We’re all impressed by the recent advancements in smart home technology and in some cases, see our last blog on the topic, a little unsettled by the privacy implications. Be that as it may, most of these advancements have to do with efficiency, comfort and convenience. All well and good.
However, only recently have smart home developments traveled towards our most vulnerable and worrisome homeowners—our aging parents.
“It’s about peace of mind,” says Jonah Smith Murphy Bros. design/build experts and Universal Design Certified Professional. “Most of us don’t live near our aging parents or in-laws. Mine parents live in a different state, so it’s really tough to know how things are actually going when you’re not there. And the occasional phone call doesn't tell you everything either,” adds Smith.
“I recommend looking at just about any remodel with an eye towards universal design. It only makes sense in a population that is living longer and expecting to remain active in their homes well into retirement,” says Smith, now in his 12th year at Murphy Bros.
Smith continues, “While universal design has been around for quite a while, what’s coming now in the technological sense is way beyond grab bars and zero barrier showers.”
For instance, consider Samsung’s smart refrigerator with an internal camera that via an Internet connection, allows you to check on contents and usage.
Billy is an Australia-based company, named after the owner’s dog, that uses sensors and proprietary software to create a home-monitoring system that learns a person’s habits and sends a smartphone alert when those habits change.
The sensors can track room temperature, movement, motion and opening and closing doors.
Imagine the peace of mind in knowing if Mom or Dad didn’t get out of bed this morning, or went outside to get the mail and didn’t come back inside after the normal 10 minutes?
The company portrays this service as ideal for caregivers who need to monitor older adults without spying on them. Billy is expected to hit the commercial market in the U.S. later this year.

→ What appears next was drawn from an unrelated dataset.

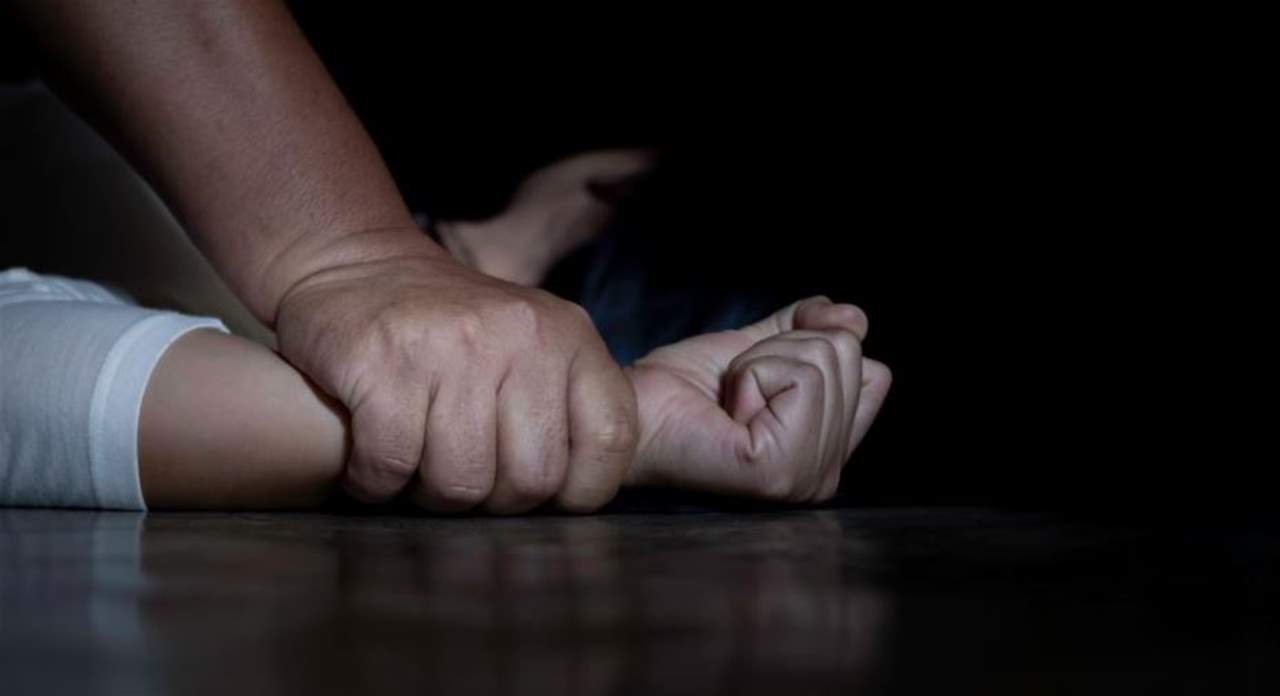تناوبا على إغتصاب طبيبة في محطة للباصات تحت تهديد السلاح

Sometimes applying existing technology to a new situation can have a significant effect.This comes under the heading of “Captain Obvious” but using induction cooktops in an aging in place environment can reduce the chance of burns or kitchen fires. Induction uses electric current through metal cooking vessels rather than radiated heat from the surface, so only the pan gets hot not the surface round it.

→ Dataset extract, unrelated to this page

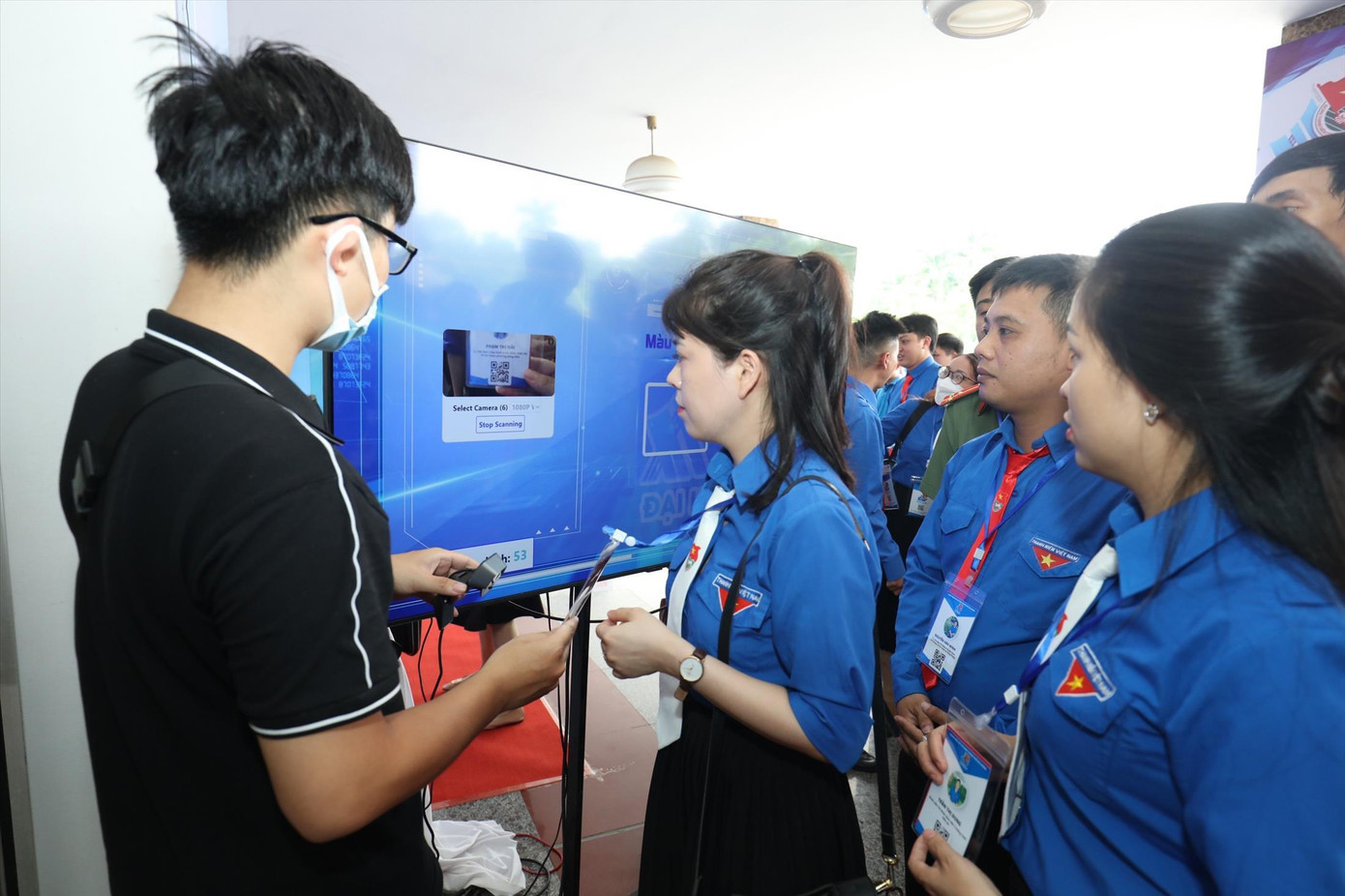 Các đại biểu quét mã điểm danh tại ĐH Đoàn TP Hải Phòng. - Ảnh: Như Ý Các đại biểu quét mã điểm danh tại ĐH Đoàn TP Hải Phòng. - Ảnh: Như Ý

When was the last time you got up in the middle of the night to grope your way in the dark to the bathroom? Not a big deal unless you’re 85 and a fall would be potentially catastrophic.
Luna Lights is another innovation that combines a pressure-sensitive pad on the bed with wall-mounted path lights that come on and go off automatically. There’s no pendant to where and no buttons to press.
The software package that comes with the lighting kit records each event and notifies caregivers when in use or when habits change on any smartphone or computer.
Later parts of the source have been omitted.